Flattering House Speaker John A. Boehner publicly, President Obama on Monday tried to reel in the reluctant Republican House leader to support the president’s goal of a large tax increase to help reduce deficits.
“I think Speaker Boehner has been very sincere about trying to do something big,” Mr. Obama said at a news conference, just before resuming debt talks with Mr. Boehner and other congressional leaders. “I think he’s a good man who wants to do right by the country.”
But Mr. Boehner sounded Monday like a man who wasn’t about to be wooed anymore.
“Our disagreements are not personal and never have been,” Mr. Boehner told reporters. “This boils down to two things. The president continues to insist on raising taxes, and [Democrats] are just not serious enough about fundamental entitlement reform to solve the problem. It takes two to tango, and they’re not there yet.”
Someone who knows Mr. Boehner well, former Republican National Committee Chairman Ed Gillespie, said it’s “absurd” for the president to think the speaker will persuade his Republican troops to accept a large tax increase.
“It’s hard to fathom, that somehow John Boehner is going to abandon decades of opposition to tax increases in exchange for a pat on the head from Barack Obama,” Mr. Gillespie said. “I think [Mr. Obama] is posturing, and it’s not going to work. He’s desperate.”
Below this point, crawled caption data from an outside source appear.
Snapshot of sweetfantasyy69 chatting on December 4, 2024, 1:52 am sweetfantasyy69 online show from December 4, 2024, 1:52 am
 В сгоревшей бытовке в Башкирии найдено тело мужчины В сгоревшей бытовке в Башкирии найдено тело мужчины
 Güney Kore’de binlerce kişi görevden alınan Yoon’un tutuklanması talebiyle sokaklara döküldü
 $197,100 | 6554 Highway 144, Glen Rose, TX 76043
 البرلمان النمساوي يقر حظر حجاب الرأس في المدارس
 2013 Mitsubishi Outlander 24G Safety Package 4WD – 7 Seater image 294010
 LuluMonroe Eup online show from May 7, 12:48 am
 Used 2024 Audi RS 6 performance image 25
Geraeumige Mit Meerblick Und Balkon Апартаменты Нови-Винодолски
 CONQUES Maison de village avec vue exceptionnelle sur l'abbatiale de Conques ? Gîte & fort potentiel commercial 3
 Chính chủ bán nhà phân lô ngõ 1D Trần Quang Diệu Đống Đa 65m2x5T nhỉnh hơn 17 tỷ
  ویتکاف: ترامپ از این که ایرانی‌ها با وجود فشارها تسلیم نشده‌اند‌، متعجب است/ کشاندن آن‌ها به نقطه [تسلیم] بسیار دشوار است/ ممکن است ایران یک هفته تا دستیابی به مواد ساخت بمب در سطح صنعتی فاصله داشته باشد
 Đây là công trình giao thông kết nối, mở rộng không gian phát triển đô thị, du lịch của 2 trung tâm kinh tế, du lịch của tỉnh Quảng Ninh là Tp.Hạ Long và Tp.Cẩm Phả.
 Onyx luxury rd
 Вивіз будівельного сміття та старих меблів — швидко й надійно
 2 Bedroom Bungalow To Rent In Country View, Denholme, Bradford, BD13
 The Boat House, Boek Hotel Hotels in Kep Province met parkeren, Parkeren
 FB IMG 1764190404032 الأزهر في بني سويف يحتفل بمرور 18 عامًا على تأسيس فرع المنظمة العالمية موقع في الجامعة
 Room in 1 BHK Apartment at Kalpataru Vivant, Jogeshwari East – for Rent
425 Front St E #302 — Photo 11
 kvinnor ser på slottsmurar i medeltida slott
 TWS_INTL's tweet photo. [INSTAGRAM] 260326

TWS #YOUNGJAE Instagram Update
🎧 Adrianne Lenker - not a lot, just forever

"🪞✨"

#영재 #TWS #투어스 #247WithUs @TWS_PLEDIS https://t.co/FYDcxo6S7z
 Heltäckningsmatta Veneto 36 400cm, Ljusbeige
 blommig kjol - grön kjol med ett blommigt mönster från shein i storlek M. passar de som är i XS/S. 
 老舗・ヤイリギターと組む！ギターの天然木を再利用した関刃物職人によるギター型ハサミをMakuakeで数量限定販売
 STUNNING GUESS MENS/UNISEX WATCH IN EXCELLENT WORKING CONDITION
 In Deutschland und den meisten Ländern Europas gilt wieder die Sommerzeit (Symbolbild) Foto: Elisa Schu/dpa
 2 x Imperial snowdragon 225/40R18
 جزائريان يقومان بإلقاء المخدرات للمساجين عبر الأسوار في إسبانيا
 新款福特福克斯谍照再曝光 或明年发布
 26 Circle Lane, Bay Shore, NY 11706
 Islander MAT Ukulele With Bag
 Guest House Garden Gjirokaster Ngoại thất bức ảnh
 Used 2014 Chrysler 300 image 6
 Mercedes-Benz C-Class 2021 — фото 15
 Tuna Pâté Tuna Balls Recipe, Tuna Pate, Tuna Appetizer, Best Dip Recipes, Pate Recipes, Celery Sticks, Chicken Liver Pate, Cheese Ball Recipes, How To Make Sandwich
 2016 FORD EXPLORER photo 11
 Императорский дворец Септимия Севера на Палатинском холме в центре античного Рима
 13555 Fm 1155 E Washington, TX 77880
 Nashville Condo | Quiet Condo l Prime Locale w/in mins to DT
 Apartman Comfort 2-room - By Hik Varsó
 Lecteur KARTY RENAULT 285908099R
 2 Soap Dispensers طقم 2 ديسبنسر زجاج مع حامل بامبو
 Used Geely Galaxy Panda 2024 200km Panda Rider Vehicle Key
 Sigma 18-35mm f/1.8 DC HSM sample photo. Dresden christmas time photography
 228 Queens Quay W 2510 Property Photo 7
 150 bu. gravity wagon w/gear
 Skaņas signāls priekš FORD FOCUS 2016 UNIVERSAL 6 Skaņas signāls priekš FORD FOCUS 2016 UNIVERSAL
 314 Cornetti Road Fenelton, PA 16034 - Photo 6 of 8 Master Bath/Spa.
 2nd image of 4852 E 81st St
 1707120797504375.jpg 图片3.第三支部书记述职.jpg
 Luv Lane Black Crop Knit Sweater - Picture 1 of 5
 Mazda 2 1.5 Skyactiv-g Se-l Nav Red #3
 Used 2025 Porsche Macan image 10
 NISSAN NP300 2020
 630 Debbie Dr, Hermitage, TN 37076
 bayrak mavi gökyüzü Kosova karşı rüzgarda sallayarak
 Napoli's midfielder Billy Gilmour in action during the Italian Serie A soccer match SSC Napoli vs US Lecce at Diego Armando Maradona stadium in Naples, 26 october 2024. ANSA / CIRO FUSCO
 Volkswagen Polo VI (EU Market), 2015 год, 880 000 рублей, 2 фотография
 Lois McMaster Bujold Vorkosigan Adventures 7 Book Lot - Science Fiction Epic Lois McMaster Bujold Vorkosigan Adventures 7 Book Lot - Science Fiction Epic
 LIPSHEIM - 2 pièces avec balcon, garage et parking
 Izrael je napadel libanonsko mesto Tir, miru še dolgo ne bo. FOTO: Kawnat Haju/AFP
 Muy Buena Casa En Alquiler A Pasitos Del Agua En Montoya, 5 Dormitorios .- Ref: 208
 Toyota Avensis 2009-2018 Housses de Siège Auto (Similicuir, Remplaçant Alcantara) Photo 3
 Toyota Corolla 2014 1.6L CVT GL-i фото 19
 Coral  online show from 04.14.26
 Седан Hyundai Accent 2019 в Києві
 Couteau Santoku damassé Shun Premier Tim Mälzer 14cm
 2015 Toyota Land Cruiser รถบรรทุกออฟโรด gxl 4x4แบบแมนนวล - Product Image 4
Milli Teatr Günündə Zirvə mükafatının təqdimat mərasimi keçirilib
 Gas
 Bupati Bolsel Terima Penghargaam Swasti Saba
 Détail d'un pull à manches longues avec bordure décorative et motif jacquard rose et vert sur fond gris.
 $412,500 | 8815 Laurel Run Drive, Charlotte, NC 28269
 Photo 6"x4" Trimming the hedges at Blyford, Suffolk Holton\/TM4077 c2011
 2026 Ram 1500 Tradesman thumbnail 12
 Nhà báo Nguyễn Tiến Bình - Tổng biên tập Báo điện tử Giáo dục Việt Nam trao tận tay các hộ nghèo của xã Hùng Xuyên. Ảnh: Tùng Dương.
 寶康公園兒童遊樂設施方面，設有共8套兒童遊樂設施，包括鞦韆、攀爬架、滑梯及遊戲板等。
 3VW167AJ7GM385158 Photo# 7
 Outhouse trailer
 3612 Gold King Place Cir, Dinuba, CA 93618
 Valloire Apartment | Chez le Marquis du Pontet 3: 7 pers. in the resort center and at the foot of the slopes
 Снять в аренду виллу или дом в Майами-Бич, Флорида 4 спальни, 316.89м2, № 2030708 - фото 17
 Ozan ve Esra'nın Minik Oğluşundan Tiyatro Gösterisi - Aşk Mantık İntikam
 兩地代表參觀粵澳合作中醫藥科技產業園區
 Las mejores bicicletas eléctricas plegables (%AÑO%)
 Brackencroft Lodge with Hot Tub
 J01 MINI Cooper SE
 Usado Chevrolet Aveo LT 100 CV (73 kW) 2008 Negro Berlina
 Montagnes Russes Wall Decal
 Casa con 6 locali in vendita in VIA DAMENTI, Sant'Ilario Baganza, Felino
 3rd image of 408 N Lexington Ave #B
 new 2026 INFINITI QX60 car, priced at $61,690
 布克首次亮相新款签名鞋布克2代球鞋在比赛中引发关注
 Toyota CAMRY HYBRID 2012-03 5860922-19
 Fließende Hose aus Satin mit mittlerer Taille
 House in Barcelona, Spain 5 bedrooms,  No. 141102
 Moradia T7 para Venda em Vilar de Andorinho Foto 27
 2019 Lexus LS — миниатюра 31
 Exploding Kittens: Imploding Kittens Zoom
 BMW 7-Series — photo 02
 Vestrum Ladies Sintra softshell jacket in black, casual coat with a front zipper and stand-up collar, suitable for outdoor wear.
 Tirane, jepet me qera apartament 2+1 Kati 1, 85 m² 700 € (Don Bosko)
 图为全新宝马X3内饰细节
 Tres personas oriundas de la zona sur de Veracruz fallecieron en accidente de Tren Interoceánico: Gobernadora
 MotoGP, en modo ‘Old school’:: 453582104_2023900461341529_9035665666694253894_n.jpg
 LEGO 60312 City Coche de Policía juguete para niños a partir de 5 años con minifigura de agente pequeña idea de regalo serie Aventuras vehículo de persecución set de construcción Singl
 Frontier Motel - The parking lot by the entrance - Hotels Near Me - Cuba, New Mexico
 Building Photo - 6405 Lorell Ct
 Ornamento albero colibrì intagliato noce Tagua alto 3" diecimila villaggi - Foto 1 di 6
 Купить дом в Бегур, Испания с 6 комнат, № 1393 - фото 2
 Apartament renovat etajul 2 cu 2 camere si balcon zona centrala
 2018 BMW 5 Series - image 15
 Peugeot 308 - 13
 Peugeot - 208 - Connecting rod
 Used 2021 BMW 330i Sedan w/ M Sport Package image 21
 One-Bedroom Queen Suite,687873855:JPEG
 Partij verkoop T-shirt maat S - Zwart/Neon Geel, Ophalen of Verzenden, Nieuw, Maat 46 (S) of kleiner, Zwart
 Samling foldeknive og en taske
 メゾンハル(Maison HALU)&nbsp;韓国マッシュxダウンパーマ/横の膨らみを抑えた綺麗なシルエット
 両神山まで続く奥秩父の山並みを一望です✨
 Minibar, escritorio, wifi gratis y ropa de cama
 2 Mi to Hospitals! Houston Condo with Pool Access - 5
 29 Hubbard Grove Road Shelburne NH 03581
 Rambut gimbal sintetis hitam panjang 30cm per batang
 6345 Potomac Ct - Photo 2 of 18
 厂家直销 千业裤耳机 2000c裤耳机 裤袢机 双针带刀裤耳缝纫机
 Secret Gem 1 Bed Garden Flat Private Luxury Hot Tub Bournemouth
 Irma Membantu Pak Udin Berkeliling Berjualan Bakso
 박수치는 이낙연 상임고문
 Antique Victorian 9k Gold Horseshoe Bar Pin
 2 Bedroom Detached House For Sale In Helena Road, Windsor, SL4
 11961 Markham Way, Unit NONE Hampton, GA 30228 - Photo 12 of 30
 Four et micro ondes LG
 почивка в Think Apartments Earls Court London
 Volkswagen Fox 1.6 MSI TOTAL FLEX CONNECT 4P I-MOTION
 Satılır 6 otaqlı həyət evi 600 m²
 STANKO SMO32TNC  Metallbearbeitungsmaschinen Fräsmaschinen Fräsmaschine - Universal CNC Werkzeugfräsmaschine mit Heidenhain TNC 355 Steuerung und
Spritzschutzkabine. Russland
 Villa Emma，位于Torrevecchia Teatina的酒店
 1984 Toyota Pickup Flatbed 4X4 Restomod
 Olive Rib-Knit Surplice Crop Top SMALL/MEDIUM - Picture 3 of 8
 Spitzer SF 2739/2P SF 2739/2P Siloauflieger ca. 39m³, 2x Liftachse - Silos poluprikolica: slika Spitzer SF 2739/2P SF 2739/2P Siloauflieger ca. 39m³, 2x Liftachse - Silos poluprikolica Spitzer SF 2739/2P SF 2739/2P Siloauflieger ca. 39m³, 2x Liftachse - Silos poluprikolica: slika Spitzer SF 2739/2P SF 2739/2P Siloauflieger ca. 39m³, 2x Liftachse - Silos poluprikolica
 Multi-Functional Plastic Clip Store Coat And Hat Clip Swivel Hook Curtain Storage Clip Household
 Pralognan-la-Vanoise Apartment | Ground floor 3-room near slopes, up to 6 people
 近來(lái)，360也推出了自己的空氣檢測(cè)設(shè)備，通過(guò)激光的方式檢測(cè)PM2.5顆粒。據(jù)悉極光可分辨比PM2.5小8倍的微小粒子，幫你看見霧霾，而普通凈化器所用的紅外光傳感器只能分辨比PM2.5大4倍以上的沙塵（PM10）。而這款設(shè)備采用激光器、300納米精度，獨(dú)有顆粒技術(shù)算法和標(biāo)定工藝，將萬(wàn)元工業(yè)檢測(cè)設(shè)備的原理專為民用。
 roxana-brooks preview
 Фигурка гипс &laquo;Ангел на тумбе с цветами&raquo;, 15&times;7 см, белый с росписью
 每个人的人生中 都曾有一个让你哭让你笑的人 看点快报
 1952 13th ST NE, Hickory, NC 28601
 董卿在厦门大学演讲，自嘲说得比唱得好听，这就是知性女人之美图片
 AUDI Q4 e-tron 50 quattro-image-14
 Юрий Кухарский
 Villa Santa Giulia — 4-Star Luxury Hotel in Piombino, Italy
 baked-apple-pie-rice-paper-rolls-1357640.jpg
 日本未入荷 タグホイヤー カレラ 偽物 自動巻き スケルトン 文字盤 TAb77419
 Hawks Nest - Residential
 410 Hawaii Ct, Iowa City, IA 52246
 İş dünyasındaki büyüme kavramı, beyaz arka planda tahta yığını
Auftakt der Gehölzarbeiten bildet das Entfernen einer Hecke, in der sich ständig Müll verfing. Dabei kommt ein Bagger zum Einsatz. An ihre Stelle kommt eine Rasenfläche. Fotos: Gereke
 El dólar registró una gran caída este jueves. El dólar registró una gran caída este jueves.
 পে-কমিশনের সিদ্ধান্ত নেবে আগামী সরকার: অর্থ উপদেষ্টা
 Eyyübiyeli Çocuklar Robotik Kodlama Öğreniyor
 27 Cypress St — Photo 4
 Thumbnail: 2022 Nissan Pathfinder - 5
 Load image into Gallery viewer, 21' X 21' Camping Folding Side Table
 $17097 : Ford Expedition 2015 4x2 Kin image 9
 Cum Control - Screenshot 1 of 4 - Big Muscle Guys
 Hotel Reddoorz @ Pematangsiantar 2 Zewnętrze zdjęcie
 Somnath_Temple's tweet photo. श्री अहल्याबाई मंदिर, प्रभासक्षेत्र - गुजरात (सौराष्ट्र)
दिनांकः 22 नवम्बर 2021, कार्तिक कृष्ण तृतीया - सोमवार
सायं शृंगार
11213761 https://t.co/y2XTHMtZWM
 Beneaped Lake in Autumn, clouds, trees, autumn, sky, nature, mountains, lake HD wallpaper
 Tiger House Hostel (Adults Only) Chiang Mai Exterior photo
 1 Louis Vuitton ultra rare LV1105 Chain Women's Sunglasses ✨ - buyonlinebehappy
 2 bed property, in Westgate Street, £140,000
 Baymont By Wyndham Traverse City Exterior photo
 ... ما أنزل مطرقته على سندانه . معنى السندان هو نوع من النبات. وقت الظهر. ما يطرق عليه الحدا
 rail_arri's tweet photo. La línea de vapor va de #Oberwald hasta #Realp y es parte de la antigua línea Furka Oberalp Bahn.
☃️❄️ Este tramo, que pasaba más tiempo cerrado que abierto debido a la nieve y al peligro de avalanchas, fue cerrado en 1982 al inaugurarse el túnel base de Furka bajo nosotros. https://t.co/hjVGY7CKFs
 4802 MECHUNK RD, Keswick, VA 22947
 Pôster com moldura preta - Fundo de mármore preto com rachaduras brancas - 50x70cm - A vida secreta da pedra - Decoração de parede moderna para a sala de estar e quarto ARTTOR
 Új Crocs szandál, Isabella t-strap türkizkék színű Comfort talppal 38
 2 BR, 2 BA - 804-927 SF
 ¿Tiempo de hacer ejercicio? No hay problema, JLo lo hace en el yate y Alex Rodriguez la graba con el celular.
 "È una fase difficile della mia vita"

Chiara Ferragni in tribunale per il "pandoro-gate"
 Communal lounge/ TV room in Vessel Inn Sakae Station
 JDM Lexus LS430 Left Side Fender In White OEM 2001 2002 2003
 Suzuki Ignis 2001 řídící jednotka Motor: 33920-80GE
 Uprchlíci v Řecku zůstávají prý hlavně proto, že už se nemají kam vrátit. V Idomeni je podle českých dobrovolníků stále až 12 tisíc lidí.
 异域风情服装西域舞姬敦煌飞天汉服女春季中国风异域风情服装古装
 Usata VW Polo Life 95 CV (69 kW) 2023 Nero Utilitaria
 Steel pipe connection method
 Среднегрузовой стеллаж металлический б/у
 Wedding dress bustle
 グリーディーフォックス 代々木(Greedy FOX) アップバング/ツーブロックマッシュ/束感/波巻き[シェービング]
Mr. Obama has worked on a behind-the-scenes alliance with the speaker for months as both sides negotiate an increase in the nation’s debt limit of $14.29 trillion by a deadline of Aug. 2. But Mr. Boehner split publicly from the president Saturday, when he announced he would not agree to a related target of $4 trillion in deficit reduction if it contained Mr. Obama’s proposal for $1 trillion or more in tax increases. He said he favors a plan instead to reduce deficits by about $2 trillion over 10 years through spending cuts.
The president Monday renewed his push for the $4 trillion proposal, and his public comments show he thinks success or failure hinges on Mr. Boehner’s cooperation. He described the speaker as a reasonable statesman who, like himself, is trying to corral the more rebellious, partisan elements in his party.
“The politics that swept him into the speakership were good for a midterm election; they’re tough for governing,” Mr. Obama said. He added that what House Republicans need “to recognize is that American democracy works when people listen to each other.”
“I think that there are members of that caucus who haven’t fully arrived at that realization yet,” the president said.
Mr. Gillespie said the president’s effort to separate Mr. Boehner from conservative House Republicans won’t work.
“This notion that there’s daylight between Boehner and the majority of his colleagues is disingenuous at best on the part of Obama,” he said.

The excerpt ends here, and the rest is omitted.